The game last season and the one this season started out similarly. Matthew Stafford came out hot and threw three touchdown passes in the first half of each game. A year ago, the defense returned from the locker room for the second half and promptly allowed two more. Not this time. Detroit gained a total of 10 net yards on its first four possessions of the second half, after gaining 199 net yards on its three first-half possessions.
Pederson said the sideline remained calm, the players didn't panic, the adjustments were made and - not pointing fingers or anything about anyone from the 2015 version - but he believes he knew why things held together.
"Well, I think it comes from the coaches," Pederson said. "If we're not prepared as a staff, the players are going to know it, players are going to see it and then there's chaos. I think it starts with the staff and works itself down to the players."

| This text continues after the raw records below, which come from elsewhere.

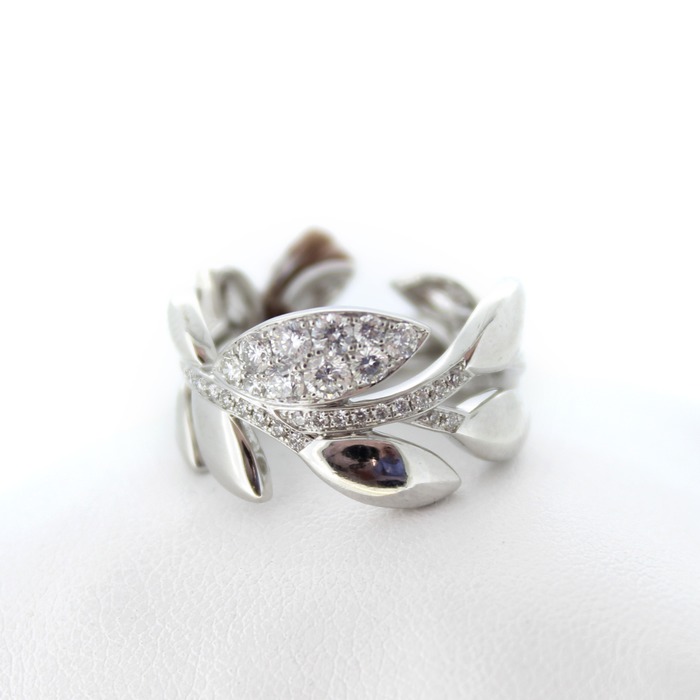 Hulchi_Belluni_ring_18karaat_witgoud_62161-WW_Outlet_2051_Juwelier_Clem_Vercammen-5.jpg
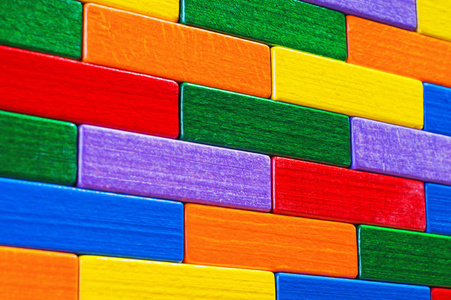 背景与五颜六色的形状木块. 彩色墙玩具彩色木砖. 多色木块.照片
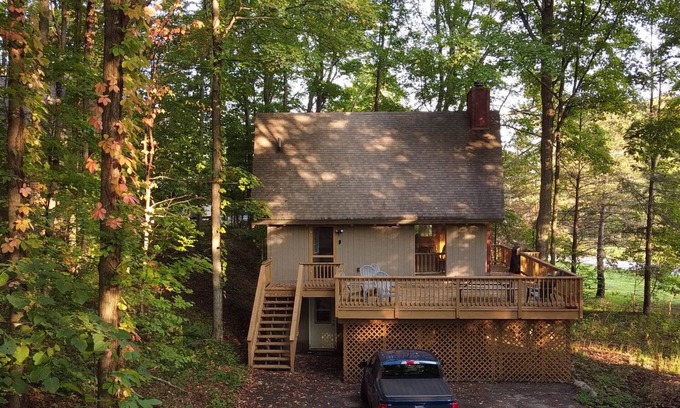 Bellaire Chalet De Esquí | Shanty Creek Chalet! HOT TUB, FIRE PIT, BEACH ACCESS!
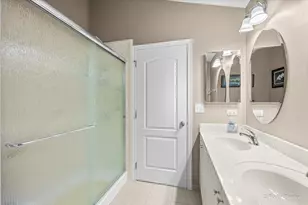 1155 Falcon Ridge Dr, Elgin, IL 60124 - Photo 17
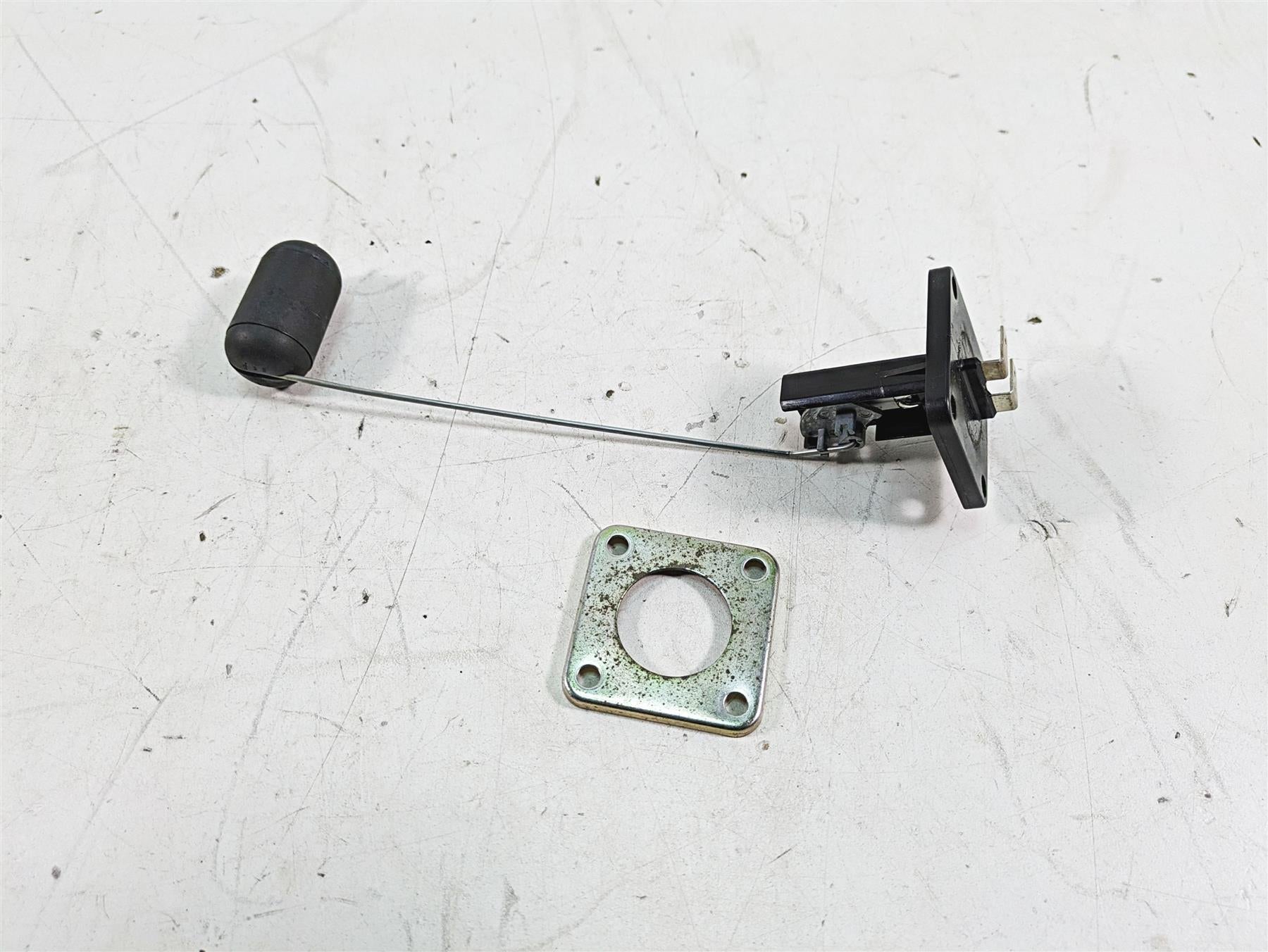 2014 Moto Guzzi California 1400 T Fuel Gas Petrol Level Sender Gauge B063706 {{ shop.shopifyCountryName }} - Mototech271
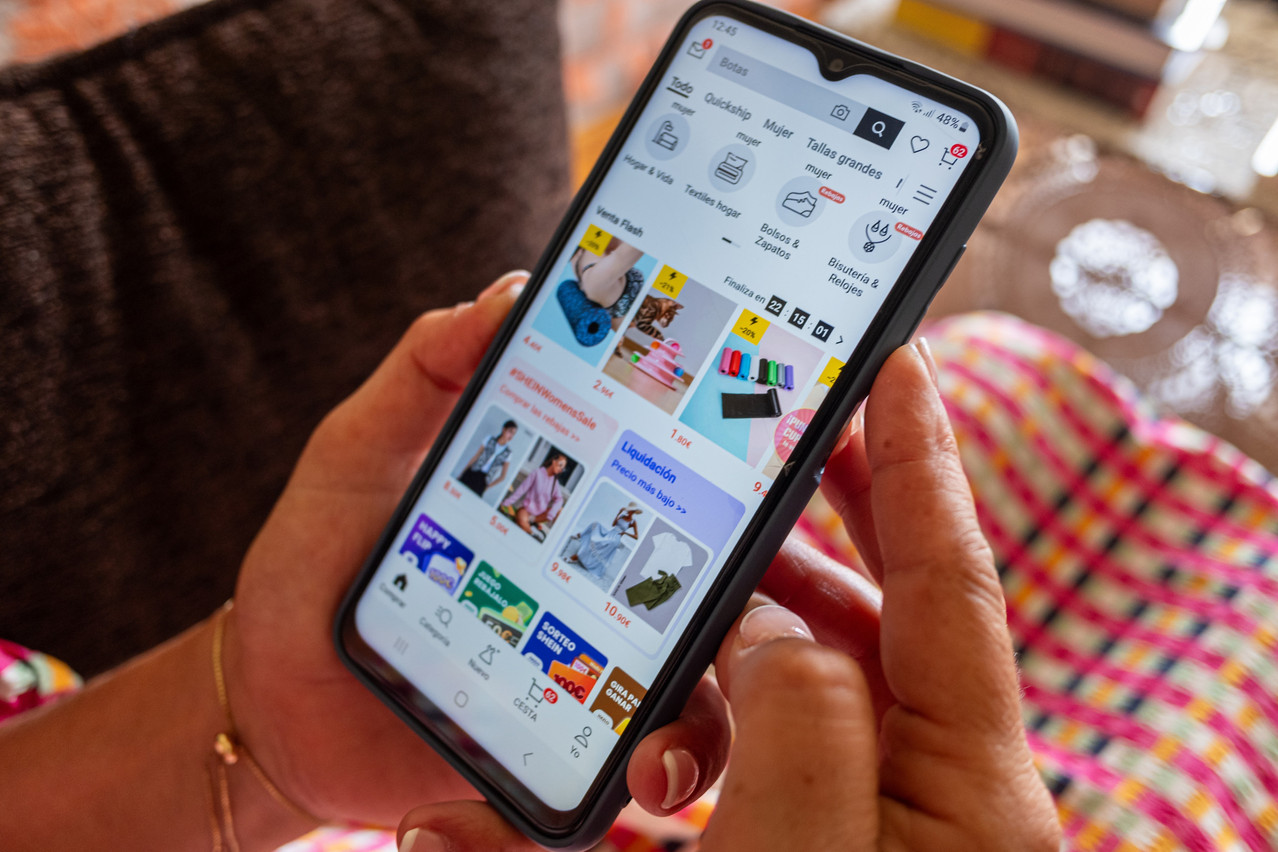 The US president has announced that a tax exemption on small parcels--called the “de minimis provision”--will no longer apply starting 2 May 2025. As the announcement comes on top of the measures relating to customs duties, it’s further blow for China’s very low-cost platforms. Photo: Shutterstock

There was plenty going on that could have led to panic, or at least to the growing suspicion that this wasn't their day. The best example of their resolve came at the end of the first half, down 21-7, when the Eagles embarked on a strange 11-play drive in which they converted four first downs, were penalized 35 yards, were staring at third and 36 from their own side of midfield with 11 seconds left . . . and still got a field goal out of it. (They also survived the officials on that drive, one of whom wanted to bring back a 27-yard completion to Jordan Matthews, the longest play of the game for the Eagles offense, because No. 98 was illegally downfield. And he was downfield, but it was Detroit defensive end Devin Taylor, so that flag was quietly slipped back in the pocket.)
"Whatever adversity came our way, we were able to overcome it," Pederson said. "It's a sign of a good football team."
Not getting into that position is the sign of an even better football team, but the Eagles aren't quite there yet. They are still a quart low on reliable receivers and the defense showed a tendency to substitute aggression for discipline. If Lane Johnson loses his suspension appeal, as is expected, the offensive line's ability to protect the quarterback will be tested every week. And, just a reminder, their next seven opponents are a combined 24-9 at the moment.
No NFL season is going to keep going the way the first three weeks did for the Eagles. There are going to be other games like the one in Detroit, games in which the field tilts the wrong way and uphill is the only option. Not every team is willing to make the climb.
"This is a different football team than a year ago," Pederson said, the film from both games still fresh in his mind.
He thought that was the case. He hoped so. Now he knows.